While that 1961 book made her famous internationally, she already had written seven novels, three volumes of poetry and respected biographical and critical work about the Bronte family, Mary Shelley and John Masefield.

In 2004, the Scottish Arts Council established a literary fellowship in Spark's name. The council's head of literature, Gavin Wallace, said Spark's death was "an ineffably sad and deep loss to our literature."

"Her achievement and influence as Scotland's, if not the U.K.'s, greatest novelist have been so vast and far-reaching that in an odd way she seemed to be an immutable part of the cultural landscape," he said.

Gail Wylie, chairman of the Muriel Spark Society, said Spark was "avant-garde in her time."

"She took the conventions, I suppose, of English narrative and turned them upside down," Wylie said.

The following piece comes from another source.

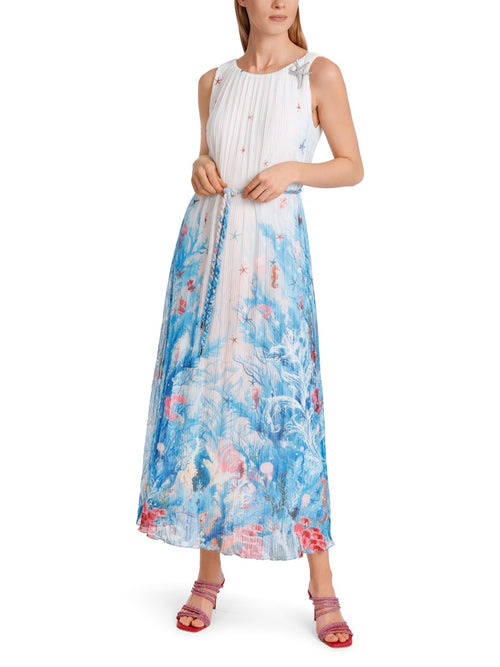 Marc Cain Sleeveless Pleated Dress. A maxi length, sleeveless dress with tie belt and back zip. This dress is white, featuring a blue and red underwater print.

"The Girls of Slender Means," considered by many to be her best novel, was published in 1963, drawing on her experience as a young woman struggling to make ends meet while writing in London.

"I was literally starving," she once said. "It was awful. I had nothing to eat."

Novelist Graham Greene gave her a monthly allowance and some wine when she was poverty-stricken, on condition that she did not thank him or pray for him.

Like Greene and Evelyn Waugh, Spark was a Catholic convert and dealt with questions of morality and metaphysics, directly or indirectly, in her fiction.

"I don't propagate the Catholic faith but in a funny sort of way, my books couldn't be written by anyone except a Catholic," she told the Sunday Telegraph in 1997.

Although her father was a Scottish Jew and her mother an English Anglican, she said she was always a Catholic at heart.

"It's the only religion I view as rational — it helps you get rid of all the other problems in your life," she told the newspaper. "There really is such a thing as beauty of morals."

Spark did not preach, however.

"I don't like messages in novels. I don't like them being used as a propaganda machine, although what drives a novelist to deal with such situations is to improve the human race's understanding of itself," she told The Sunday Times in 1996.

Most of Spark's novels are short and spare, with the plots often bizarre or macabre, satirical or darkly humorous.

In "The Driver's Seat" (1970), the main character searches for someone to murder her. "The Abbess of Crewe," a 1974 satire written after the Watergate scandal, is about the political machinations in an ecclesiastical community.

Born Muriel Sarah Camberg in Edinburgh in 1918, Spark was married at 19 to Sidney Oswald Spark, a teacher, and had a son, Robin.

They settled in Rhodesia — now Zimbabwe — but divorced after six years.

Muriel Spark returned to London in 1944 and worked in intelligence for the Foreign Office before entering the literary world as a publisher's copy editor, poet and literary critic.

She was general secretary of The Poetry Society and editor of The Poetry Review from 1947 to 1949.

Her first novel, "The Comforters" in 1957, was a critical success. After a few more books, she moved to New York to get away from London literary circles.

After "The Prime of Miss Jean Brodie" became a Broadway hit in 1966, she moved to Italy to get away from the literati in New York.

She found it useful to be an expatriate.

"Being at an angle I find a help," she told the Sunday Times. "It means one has a different perspective, a new angle of absurdity."

Spark had quirky writing habits. She wrote longhand, with little if any revision, in spiral-bound notebooks she got from a stationer in Edinburgh. She never used a pen anyone else had touched.

She was made a dame in 1993, the female equivalent of a knight. In 1963, she became a fellow of The Royal Society of Literature, and in 1978 an honorary member of the American Academy of Arts and Letters.

She received the David Cohen Literature Prize for lifetime achievement in 1997.

Spark is survived by her son. A funeral was scheduled in Civitella della Chiana later Saturday, the mayor said.